4.  Use of RTP by Endpoints That Send Multiple Media Streams

   RTP is inherently a group communication protocol.  Each endpoint in
   an RTP session will use one or more SSRCs, as will some types of RTP-
   level middlebox.  Accordingly, unless restrictions on the number of
   SSRCs have been signaled, RTP endpoints can expect to receive RTP
   data packets sent using a number of different SSRCs, within a single
   RTP session.  This can occur irrespective of whether the RTP session
   is running over a point-to-point connection or a multicast group,
   since middleboxes can be used to connect multiple transport
   connections together into a single RTP session (the RTP session is
   defined by the shared SSRC space, not by the transport connections).
   Furthermore, if RTP mixers are used, some SSRCs might only be visible
   in the contributing source (CSRC) list of an RTP packet and in RTCP,
   and might not appear directly as the SSRC of an RTP data packet.

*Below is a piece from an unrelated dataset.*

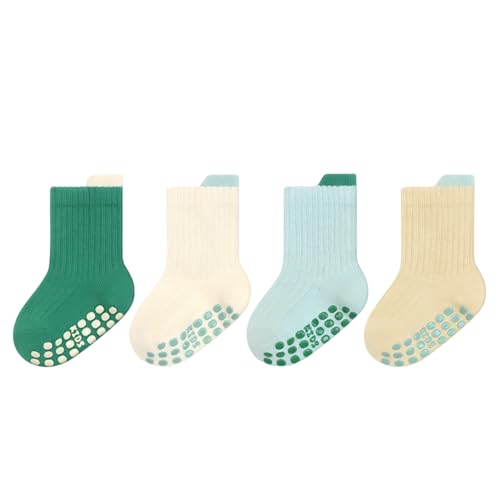 Toddler Boys Girls Solid Color Socks Little Kids Non-Slip Grip Ankle Socks Infant Baby Gifts Crew Cotton Socks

   Every RTP endpoint will have an allocated share of the available
   session bandwidth, as determined by signaling and congestion control.
   The endpoint needs to keep its total media sending rate within this
   share.  However, endpoints that send multiple RTP streams do not
   necessarily need to subdivide their share of the available bandwidth
   independently or uniformly to each RTP stream and its SSRCs.  In
   particular, an endpoint can vary the bandwidth allocation to
   different streams depending on their needs, and it can dynamically
   change the bandwidth allocated to different SSRCs (for example, by
   using a variable-rate codec), provided the total sending rate does
   not exceed its allocated share.  This includes enabling or disabling
   RTP streams, or their redundancy streams, as more or less bandwidth
   becomes available.

5.  Use of RTCP by Endpoints That Send Multiple Media Streams

   RTCP is defined in Section 6 of [RFC3550].  The description of the
   protocol is phrased in terms of the behavior of "participants" in an
   RTP session, under the assumption that each endpoint is a participant
   with a single SSRC.  However, for correct operation in cases where
   endpoints have multiple SSRC values, implementations MUST treat each
   SSRC as a separate participant in the RTP session, so that an
   endpoint that has multiple SSRCs counts as multiple participants.

RFC8108 - Page 7

5.1.  RTCP Reporting Requirement

   An RTP endpoint that has multiple SSRCs MUST treat each SSRC as a
   separate participant in the RTP session.  Each SSRC will maintain its
   own RTCP-related state information and, hence, will have its own RTCP
   reporting interval that determines when it sends RTCP reports.  If
   the mechanism in [MULTI-STREAM-OPT] is not used, then each SSRC will
   send RTCP reports for all other SSRCs, including those co-located at
   the same endpoint.

   If the endpoint has some SSRCs that are sending data and some that
   are only receivers, then they will receive different shares of the
   RTCP bandwidth and calculate different base RTCP reporting intervals.
   Otherwise, all SSRCs at an endpoint will calculate the same base RTCP
   reporting interval.  The actual reporting intervals for each SSRC are
   randomized in the usual way, but reports can be aggregated as
   described in Section 5.3.

5.2.  Initial Reporting Interval

   When a participant joins a unicast session, the following text from
   Section 6.2 of [RFC3550] is relevant: "For unicast sessions... the
   delay before sending the initial compound RTCP packet MAY be zero."
   The basic assumption is that this also ought to apply in the case of
   multiple SSRCs.  Caution has to be exercised, however, when an
   endpoint (or middlebox) with a large number of SSRCs joins a unicast
   session, since immediate transmission of many RTCP reports can create
   a significant burst of traffic, leading to transient congestion and
   packet loss due to queue overflows.

   To ensure that the initial burst of traffic generated by an RTP
   endpoint is no larger than would be generated by a TCP connection, an
   RTP endpoint MUST NOT send more than four compound RTCP packets with
   zero initial delay when it joins an RTP session, independent of the
   number of SSRCs used by the endpoint.  Each of those initial compound
   RTCP packets MAY include aggregated reports from multiple SSRCs,
   provided the total compound RTCP packet size does not exceed the MTU,
   and the avg_rtcp_size is maintained as in Section 5.3.1.  Aggregating
   reports from several SSRCs in the initial compound RTCP packets
   allows a substantial number of SSRCs to report immediately.
   Endpoints SHOULD prioritize reports on SSRCs that are likely to be
   most immediately useful, e.g., for SSRCs that are initially senders.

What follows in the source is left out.